And what about other contenders? We have had some hard information pointing towards Hillary Clinton not being the VP pick (even though that is far from certain, and Ralph Nader is betting it will be), what about Nunn and Sebelius? Why have they dropped out of the top-tier? It might very well be because there is no buzz around them, but there is no hard information pointing towards Sebelius not being on Obama’s short list. She is still not responding to questions, Obama still speaks highly of her and we are pretty sure she was being vetted. Same with Reed, Richardson, and Dodd.
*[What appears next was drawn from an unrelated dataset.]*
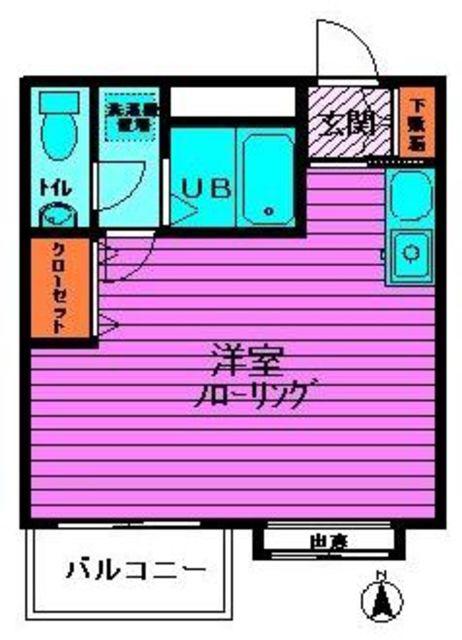 AGM上石神井(ワンルーム/1階)の間取り写真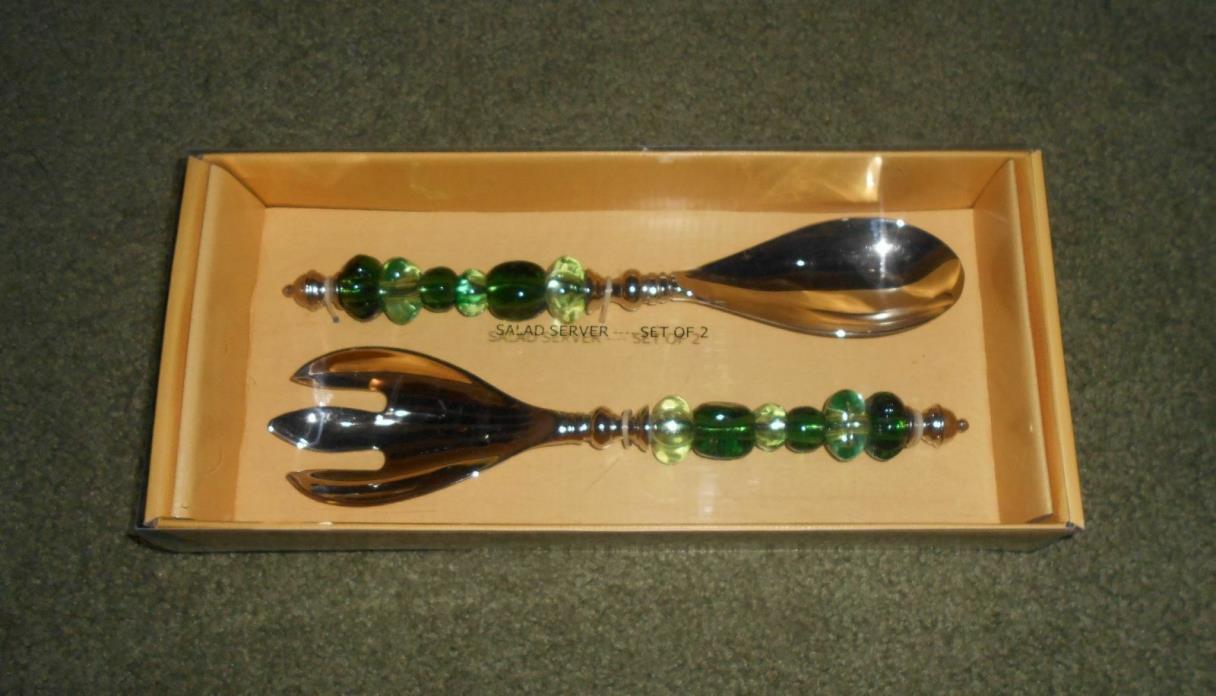 MANGO MOON Collection Two-Piece Server Set Green Accent - Spoon & Fork Set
In other words, it is still anyone’s game - though there is no question that the conventional wisdom appears to have settled on Joe Biden just as it settled on Tim Kaine three weeks ago and Evan Bayh before Obama went on his Hawaii break. Howard Fineman is reporting that Biden is the favorite, and Intrade and Hillary’s alums apparently agree. That might very well be because Biden looks like the most obvious choice on paper - especially since Webb and Strickland took themselves out of the running. And it is true that Obama is more unlikely to pick a completely unexpected pick - say a Schweitzer or a Hagel - with only days to go until the convention and a time he has a consistent but very narrow lead. That’s a position that leads one to caution.

The pro-choice trial balloon: The discussion in the GOP veepstakes has almost entirely centered on the possibility of a pro-choice VP pick over the past few days. McCain himself said he was open to the idea last week, and the resulting outcry led people to conclude that the trial balloon had been popped for good. But last night, the speculation started over as the National Review reported that Republican officials were being contacted and asked about such a possibility. The result has been a firestorm of rumors: NR launched its anti-Ridge lobbying, and the Page is now saying that Ridge is out. That would still leave us with Joe Lieberman - a pick that is generating a lot of buzz but that is so bizarre that it is difficult for me to assess what effect that might have on the race.

So bluff or serious vetting? Trial balloon or true short list? There is simply no way of knowing, as every argument has its inverse. It makes perfect sense for McCain to float the possibility of a pro-choice pick like Lieberman and Ridge even if he ends up selecting someone else. It makes him look moderate and willing to consider figures whom the electorate thinks of as centrist. It also could make conservatives relieved with whatever pro-lifer they get, even if it’s someone like Romney or Crist whom they have had disagreements with (this is very much the same situation as the Democratic veepstakes, where Biden or Kaine, both moderates, could be viewed as a relief by progressives compared to Nunn, Hagel or Bayh).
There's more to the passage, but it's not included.